The big Egyptian was moving his opponent well in the early-going of Game Two, getting out to a 3-1 lead on a drop-cross-drop combination that would put some mileage into the legs of Nick Matthew. Starting to feel it, Mosaad fired in a couple of near-miss backhand crosscourt kills in a row. He’d pay for it on the second when Matthew pushed in a simple drop in response. Matthew played a down-the-middle crosscourt at 7-5 catching Mosaad off guard.

But the World No. 4 got just enough on it to get it back to the wall and Nick Matthew crossed the next shot out of court. “He’s so big!” was the only thing the Yorkshireman could say after his lob at 9-6 ended up in the crosscourt nick at warp speed.

They played it tight into extra points again but MicK Matthew’s experience showed through, stringing together three excellent shots in a row at 11-10, eventually forcing his opponent into a backwall boast. A straight drop later and it was 2-0 in games for the Englishman.

They’d jab their way to 5-5 tie in game three when a questionable Mosaad pickup was followed by an even more questionable stroke call against Nick Matthew. The crowd groaned, audibly voicing their disagreement. One fan wondered aloud if the ref’s badge read WSF or WTF?

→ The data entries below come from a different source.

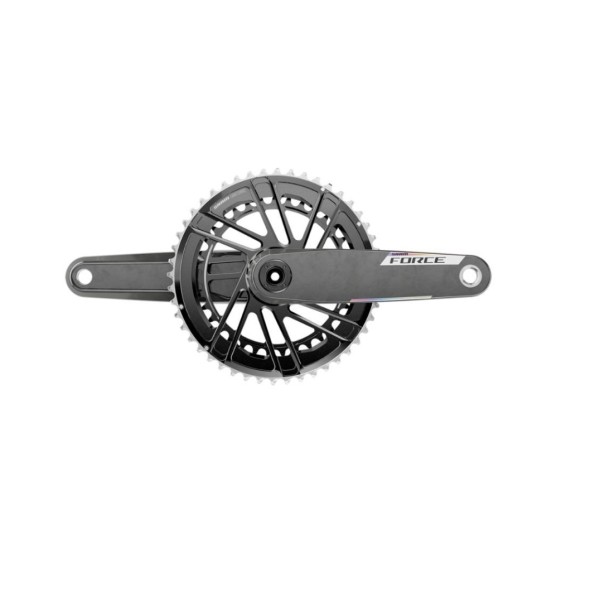 Sram Force AXS E1 DUB 12s crankset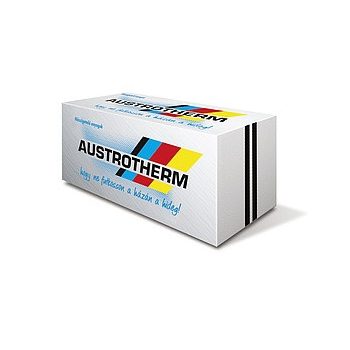Austrotherm AT-N 200  hőszigetelő lemez 100x50x1 cm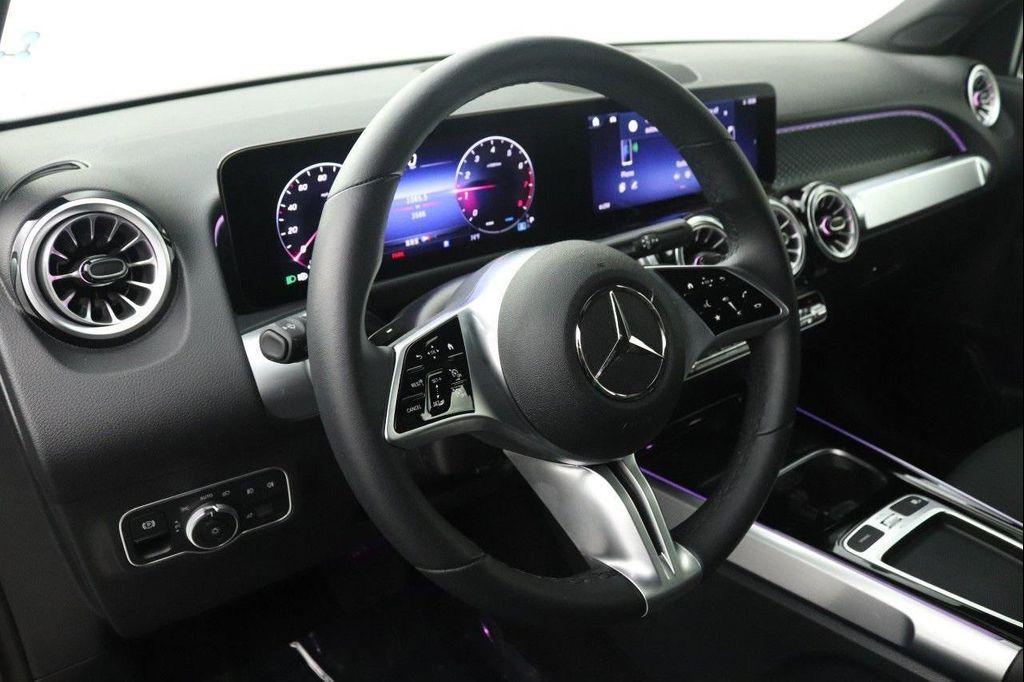 used 2025 Mercedes-Benz GLB 250 car, priced at $38,595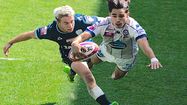 SUPERSEVENS - La Section et l’Aviron en rugby à 7 à Pau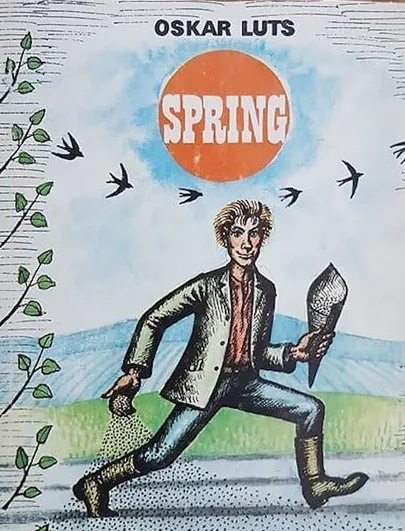 "Kevade" ingliskeelne tõlge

No one giving an inch, they’d fight their way through 7-7, 8-8 and 9-9 ties. But the softest of crosscourt gravity drops by Mosaad sent Matthew chasing from the front right to the front left, only watch the balls roll out DOA in front of his outstretched racquet. Mosaad on the board with an 11-9 ‘W’ in game three.

Not wanting to see a fifth, Matthew came out firing in Game Four, burying a crosscourt winner to take an early 1-0 lead. The intensity was ratcheted up as evidenced by the three let calls in a row at 3-all.

A correct guess to the forehand volley by the Englishman kept him in the rally on the next point but Mosaad hit the shot of the match off his weak return, backhanding a spectacular wide-angle crosscourt roller from just in front of the front left corner.

Mosaad got a generous stroke call with a broken string moving him to 6-5, much to the chagrin of Nick Matthew. “He’s allowed to play with a broken racquet,” the referee would respond to his complaint.

A new racquet wouldn’t be enough for the Hammer of Thor, though. Feeling hard-done by, the Englishman seemed to step up the court and step up the pace, effectively neutralizing the colossal power game of his larger opponent.

Knotted at 7-7, Matthew leaned on the experience of winning three World Open titles and put the pedal down. He’d win the match on his first game ball, smashing a loose offering for a crosscourt winner to secure the match 13-11, 12-10, 9-11, 11-7 in 59 minutes.

With his first Cambridge Cup title, he won a lifetime membership to the Cambridge Club. “With no Gaultier and no Shorbagy, I saw this as a great opportunity to get my hands on that bathrobe,” he’d joke in his victory speech, referencing the famous Cambridge Club robe that came part and parcel with his prize package.